Gram-negative bacteria identification: These were identified biochemically based on lactose fermentation, triple sugar iron agar, sulfur-indole-motility, citrate and urease tests [17].
Reference strains S. aureus ATCC 25923 for gram-positive bacteria, and E. coli ATCC 25922 and P. aeruginosa ATCC 27853 for gram-negative bacteria were regularly included in the identification pipeline to control the quality of the microbiological procedures
Main outcome and exposure definitions
The study’s main outcome was vaginal colonisation with potentially pathogenic bacteria. Colonisation with potential pathogenic bacteria was defined as isolation of at least one of the following types of bacteria from the vaginal swab; S. aureus, E. coli, K. pneumoniae, group A Streptococcus (GAS), group B Streptococcus (GBS), Enterococcus spp., Pseudomonas spp., Enterobacter spp., Citrobacter spp., Proteus spp. and/or Acinetobacter spp. These bacteria are known to cause infections in newborns.
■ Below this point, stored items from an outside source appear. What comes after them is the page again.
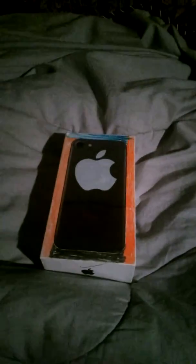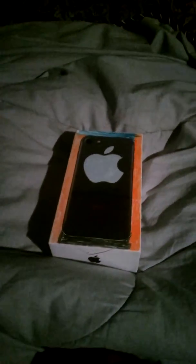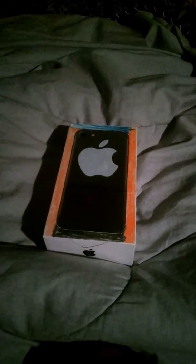That's my fidget spinner case for some of my fidget spinners. I hope you enjoyed the video, please like the video, subscribe, and write a comment. Bye!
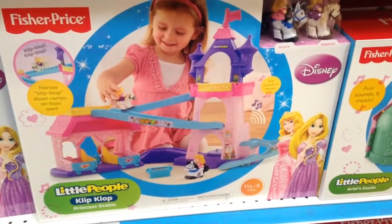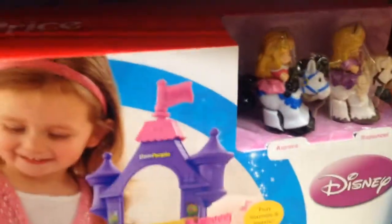This is the Clip Clop Princess Stable from Little People. It comes with Aurora and Rapunzel and their horses.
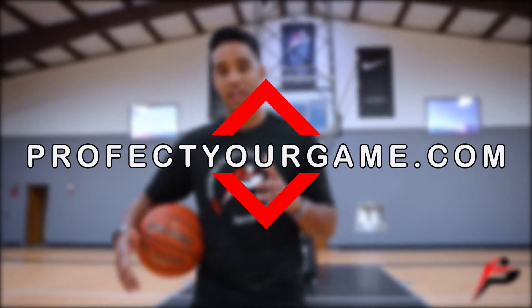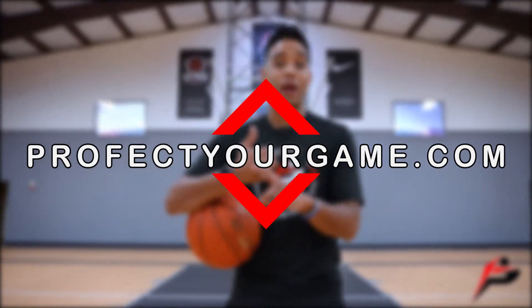That wraps up this week's video. If you want to train with us at home, we have a free 30-minute ball-handling video over at perfectyourgame.com. Don't forget to subscribe to the channel, like this video, and comment below what you want to see in next week's video. I'll see you on Monday — Perfect Your Game, peace.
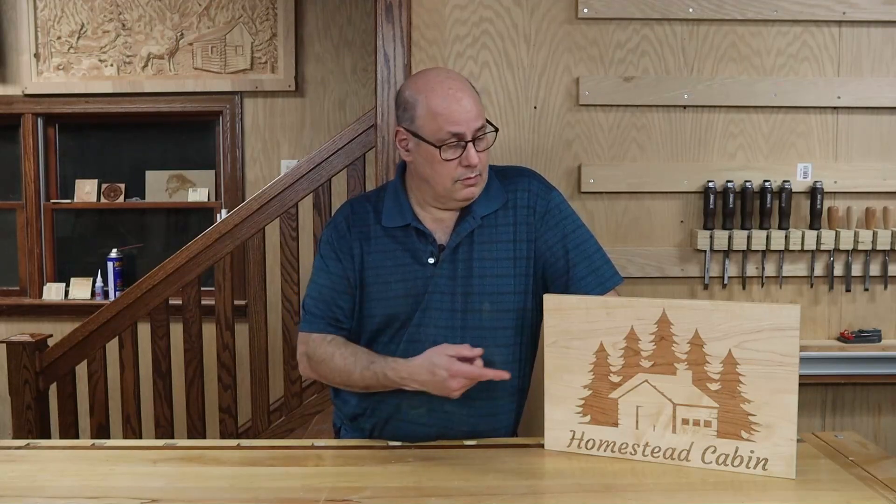After that we'll inspect the parts, check the fit, glue and clamp them together, and after the glue dries we'll begin removing the excess inlay material. Once that's done I'll show you the simple finishing process that I used to get this result.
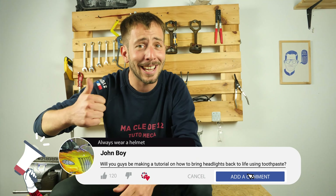Operation completed. If this video helps you, like and subscribe.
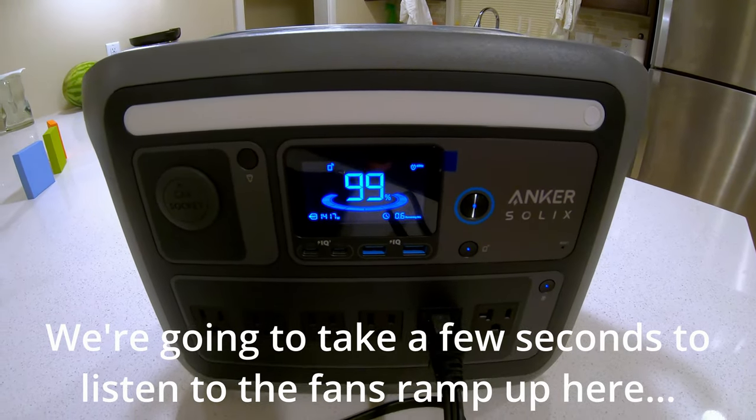We're going to try one more test on this. I've got another load of wet clothes in the dryer. Before, this plug was in one of the standard outlets, but there's an outlet on the end that is the surge pad outlet — supposedly it handles surges or heavy loads a little better. We'll see if it can start the dryer from there. Nope — still couldn't do it.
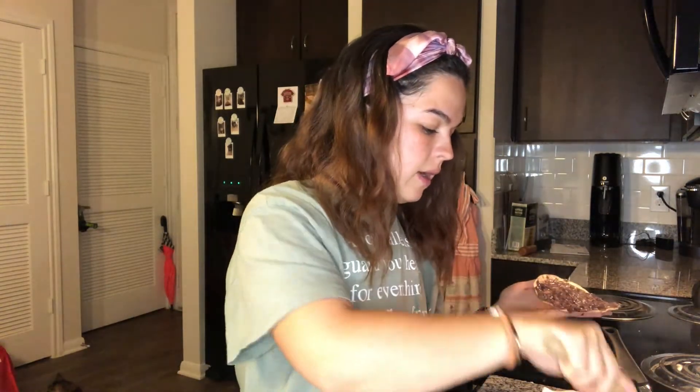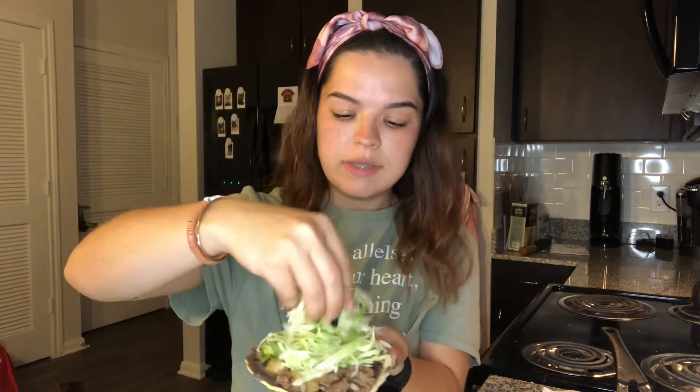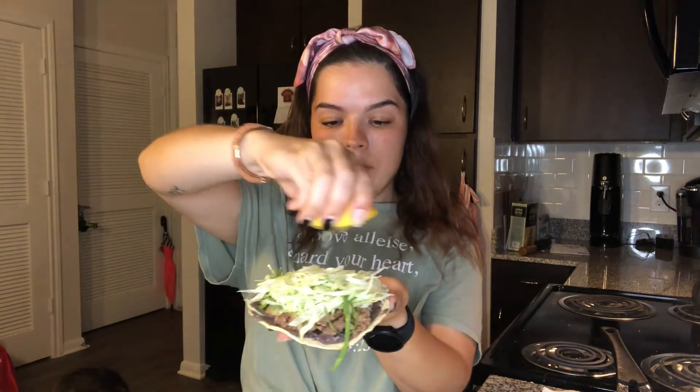Here we go — I'm going to load it up with some refried beans, those are black beans. Now I'm going to add some of our ground beef. We have that yummy shredded lettuce. I don't know why, but that's one of my favorite parts — I can load my tostadas with a ton of shredded lettuce because I just love the crunchiness. And if you add some lemon on top, it's so delicious. I actually like to add my lime or lemon on the lettuce before I add the pico de gallo.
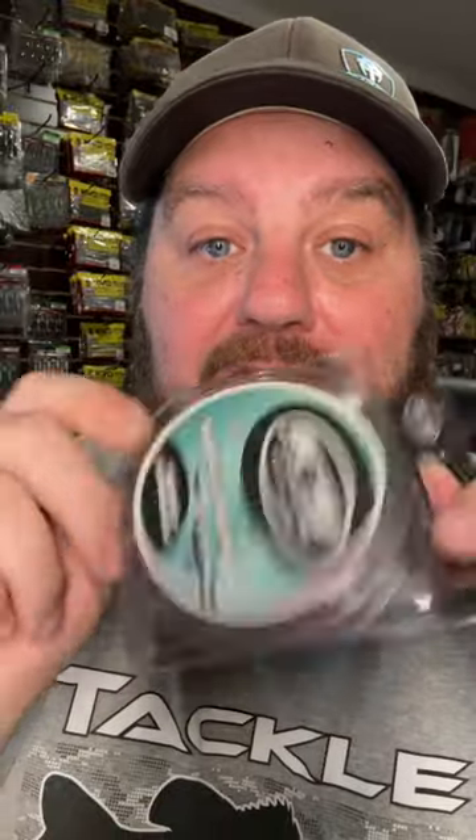This is my main line — 20 pound test. Now let's talk about this: this is Canine Fluoro. It's not 100% fluorocarbon — he won't tell me his secret recipe — but it's kind of like a copolymer. This line has a little bit of stretch, but it's still super invisible, so it's great for those open water situations where you're fishing horizontal baits: crankbaits, spinnerbaits, chatterbaits, swimbaits — any type of bait going through the water.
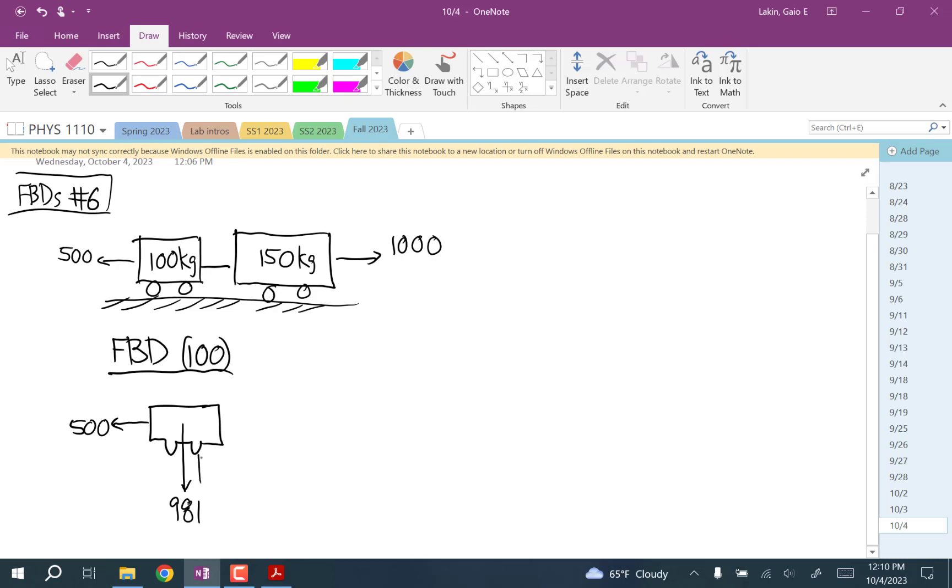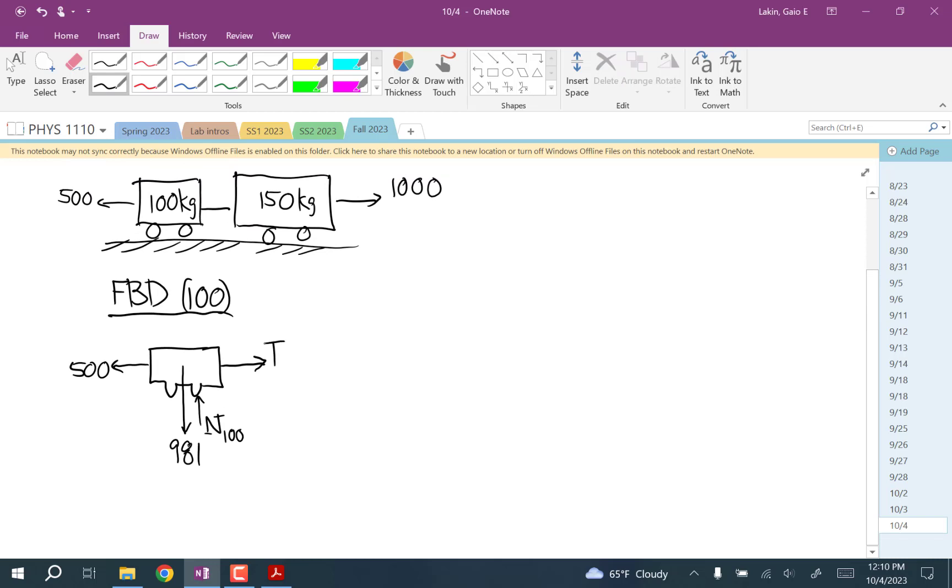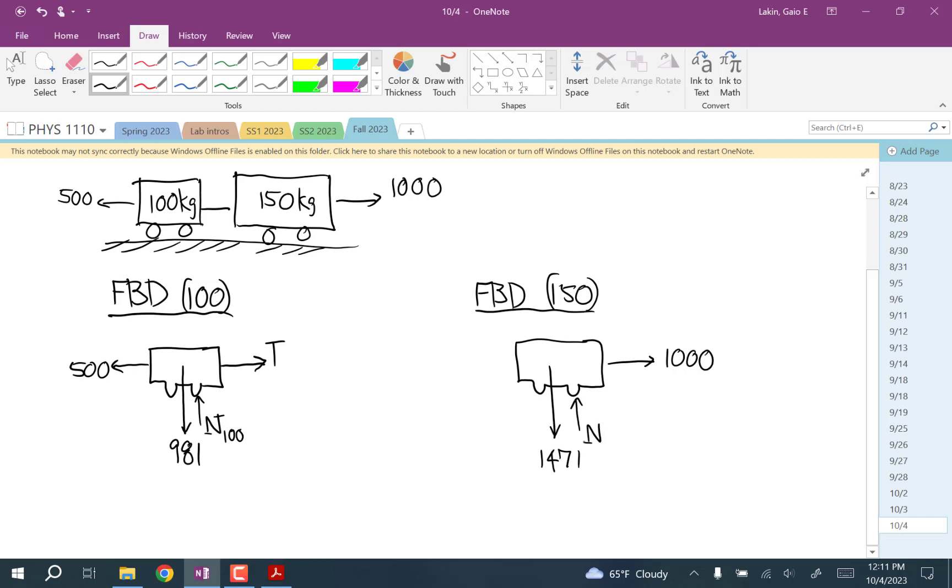There's a pushing force from the ground — I'll call that N100. And then there's a cable connecting them, so that force is parallel to the cable, away from the body. I'll call that T. And then for the 150 kilogram one, you have a weight down of 150 times 9.81, so 1471. You have the 1,000 on this one but not the 500. Then you have a pushing force from the ground, N150, and a pulling force parallel to the cable, away from the body — it's the same cable, so it's T.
Other bacteria that were isolated which we considered to represent commensal strains since they rarely are found associated with newborn infections included Candida spp., Micrococcus spp., Corynebacterium spp., Lactobacillus spp., Bacillus spp., Bukolderia spp., Serratia spp. and coagulase-negative Staphylococcus. Such isolates were not included in the analyses.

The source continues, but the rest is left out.